Ah, here we come to mulletchuck's dilemma. There is no Federal Electric Code in the US. In dense cities, concerned persons proposed electric codes to city government, when adopted by city government that code became Law in that city. Of course different code in NYC and Chicago and Boston; and smaller cities did not have the resources to write their own codes. The Fire Protection group NFPA organized the National Electrical Code. _IF_ adopted by a city or town, it then becomes Law in that town. (It's free to adopt; they charge electricians for the book.) In some areas, the Electric Utility enforces a Code or they will refuse service. If a town/utility wants a Code to be followed, they must appoint or approve Inspectors to check the work. BTW: my town had no Code (electric or building) until a few years ago.
Of course mulletchuck's city, NYC, has a massive Electric Code. (It is probably harmonized with the NEC, but goes on to add things not covered by NEC.) If he wished to build a new building, he would have to study the Code to know how it should be wired. But also a large old city works in strange ways. Inspection in NYC is a real sore spot: many incidents (maybe not too many considering the city size) have revealed lax or corrupt inspections.

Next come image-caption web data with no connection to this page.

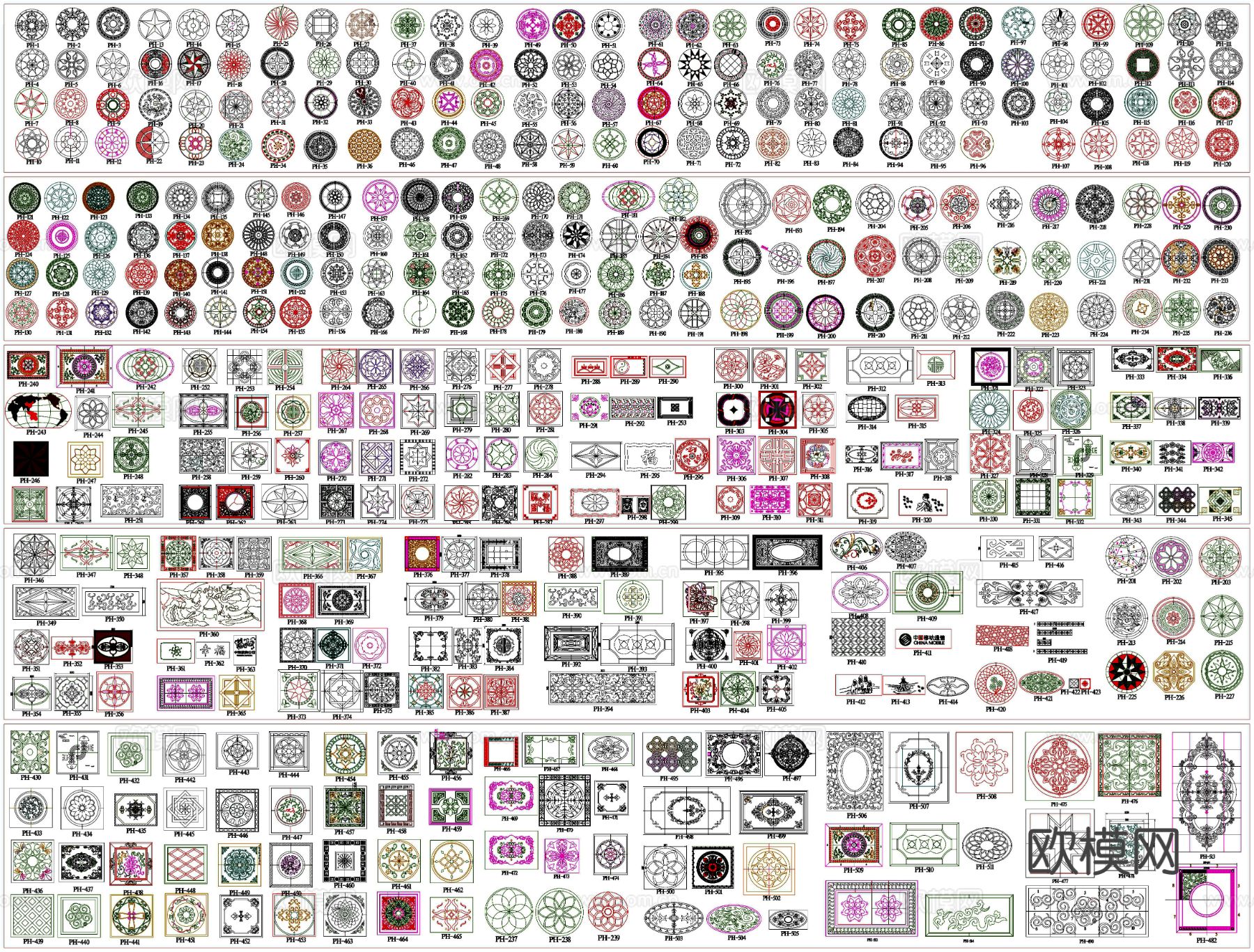 石材拼花 拼花cad图库下载（渲染图3）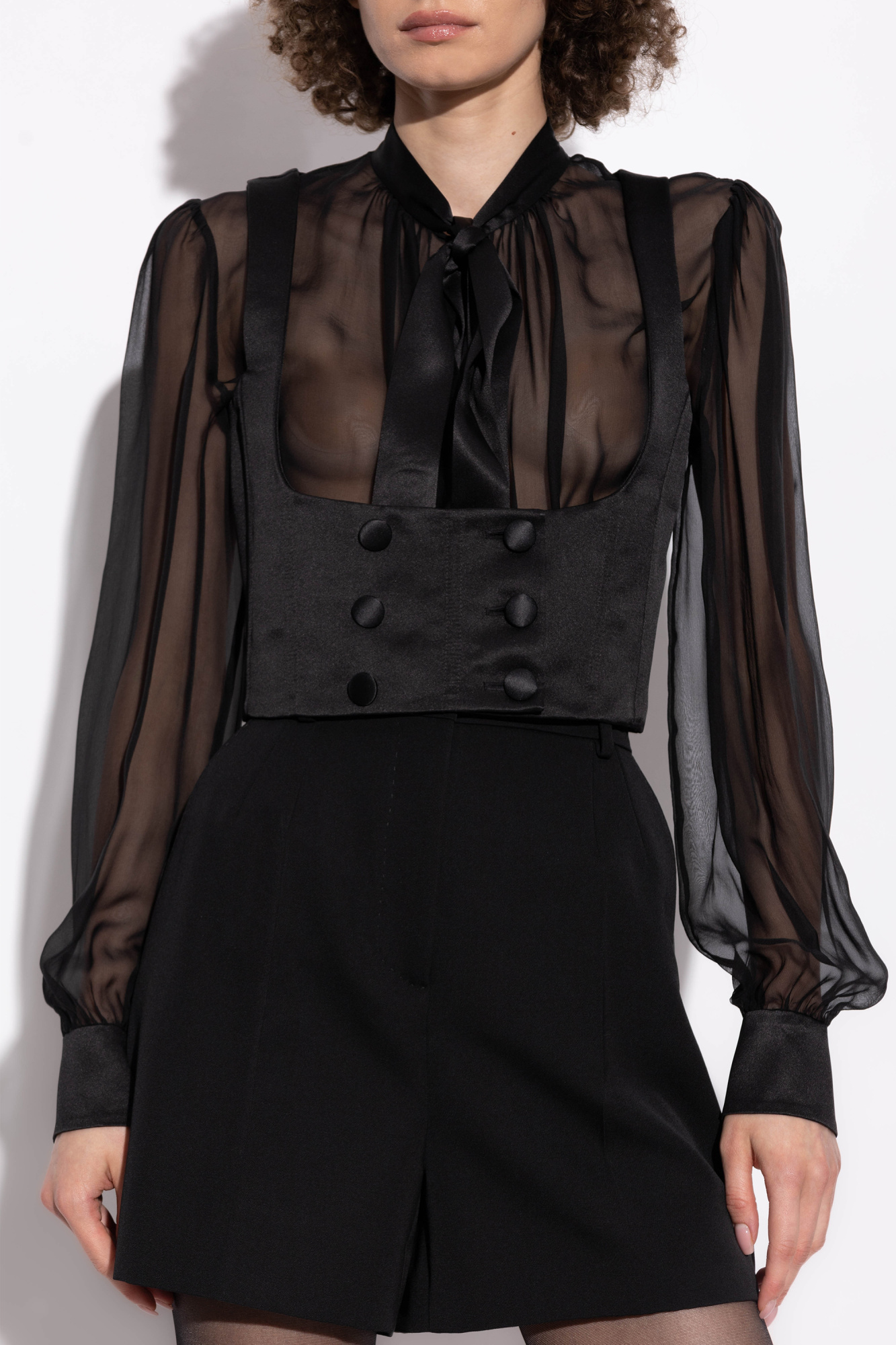 【送料&関税込】Dolce & Gabbana Silk Satin Vest Double-breasted silk satin vest with low neckline on the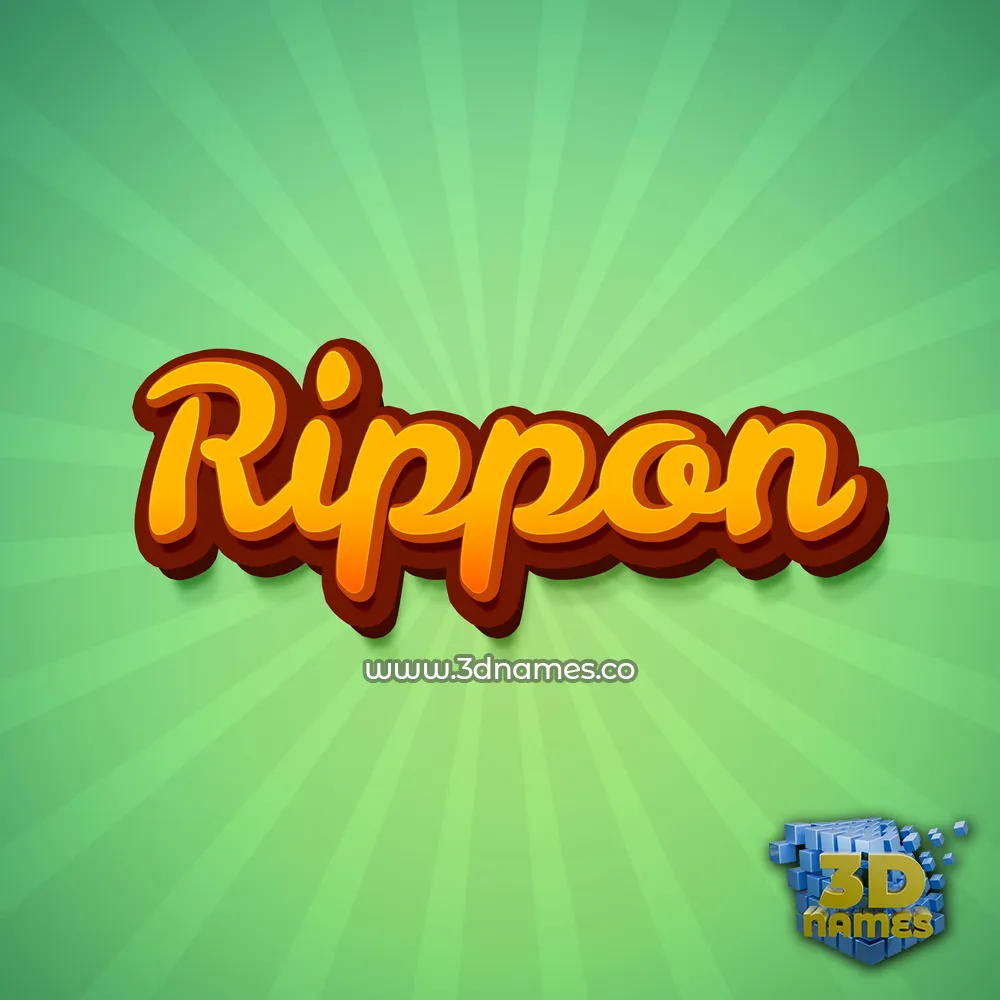 rippon in Green Rays style - 3D name wallpaper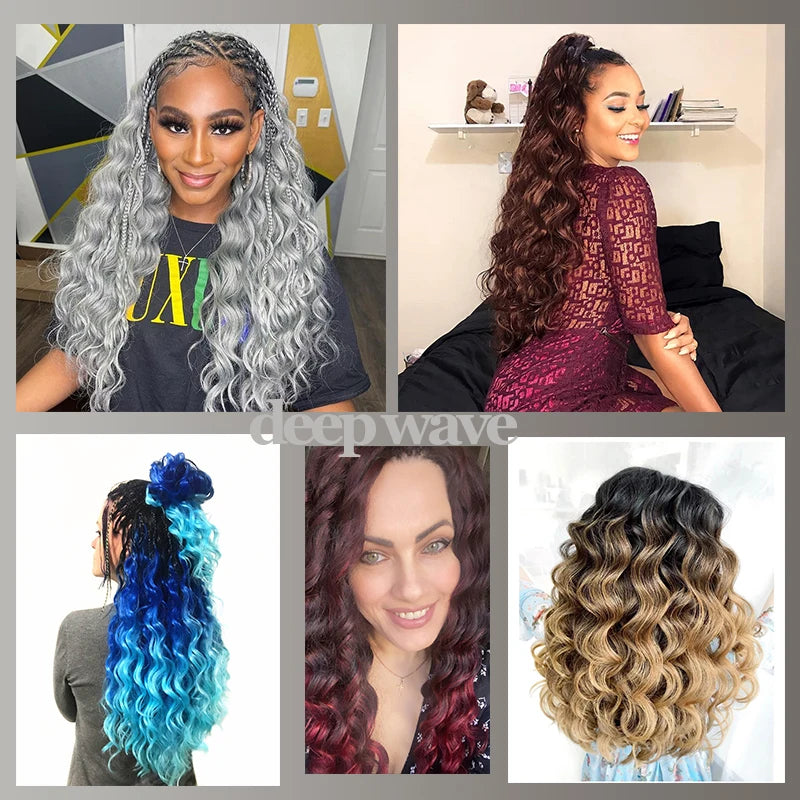 Ombre Deep Water Wave Bulk Crochet Synthetic Hair - Various Colors Available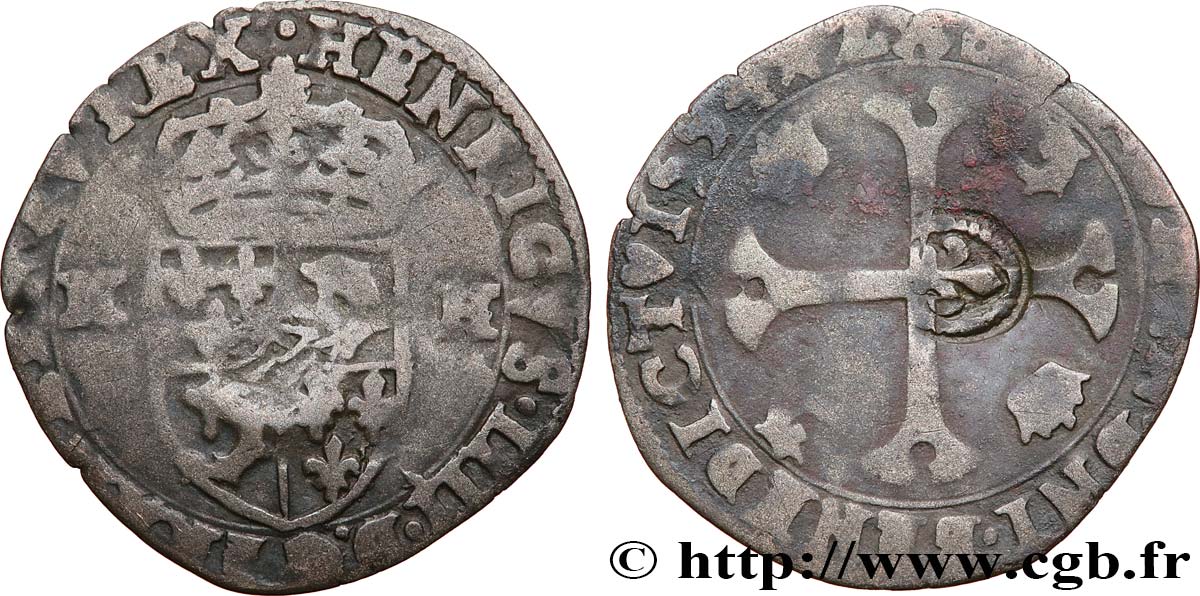 HENRI IV LE GRAND Douzain du Dauphiné aux deux H, 2e type, contremarqué 1594 Grenoble TB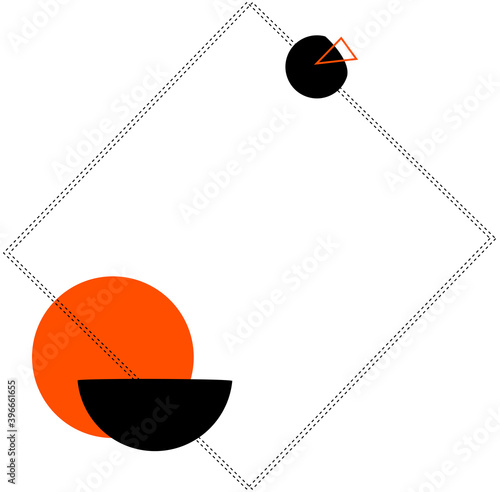 Abstract frame with the lines, dotted line and orange shape.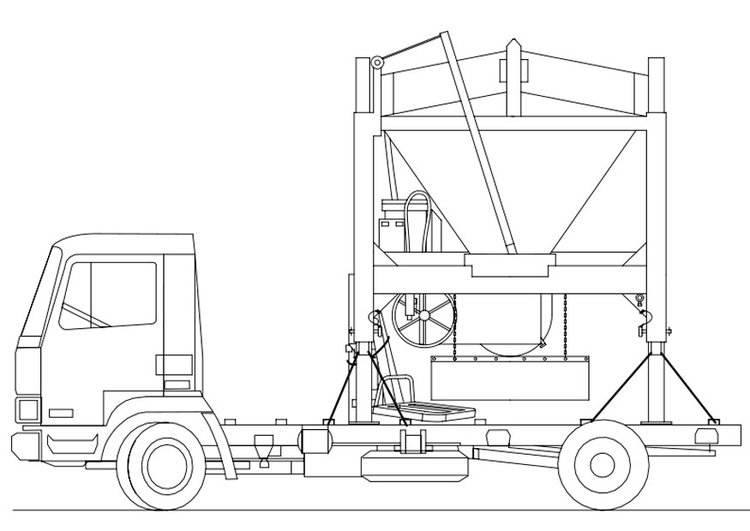 Disegno da colorare camion - camion sabbia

A particular side-effect of this local adoption and enforcement is that city government is careful not to OVER-inspect. If a vocal group of citizens gets angry at the code and inspection process (landlords are organized and some make massive political contributions), the current city government gets yelled-at and potentially voted-out (never as the only issue, but maybe the 2% margin of defeat or lack of support). Existing working in-use wiring is almost NEVER Inspected and even less often required to be brought up to Current Code. Since mulletchuck's building is probably quite old, the situation he describes may have BEEN legal when it was installed and at each repair (the 3-pin outlets are surely newer than the building; the case of replacing old broken 2-pin outlets now that 2-pins are not available is murky).
While mulletchuck says "Not a safe situation", in fact if his gear is post-1970s then the tingle he feels is "generally accepted as safe". There is a 10:1 margin between "tingle" and "can't-let-go", more margin to "possible death". The exact thresholds vary among people and days (today mulletchuck is probably hot and sweaty and extra-conductive; look at NYC weather), and leakage happens; the "acceptable" leak in those RFI caps is a compromise which seems to be very OK.
If it screws-up his audio, that is not the problem of the NEC or his landlord. Neither promised him an ideal studio situation. Audio-guys may fight/fix their power troubles, but often it is wiser to build audio gear to perform well under "ANY" odd power situation. Telephone, radio stations and networks ran miles of audio between completely separate power grids; and until the late 1930s power grids were generally not interconnected more than 100 miles apart. (In 1950 Columbia Missouri's generator ran free of anything else in the world.) Transformers work wonders across hundred volt differences.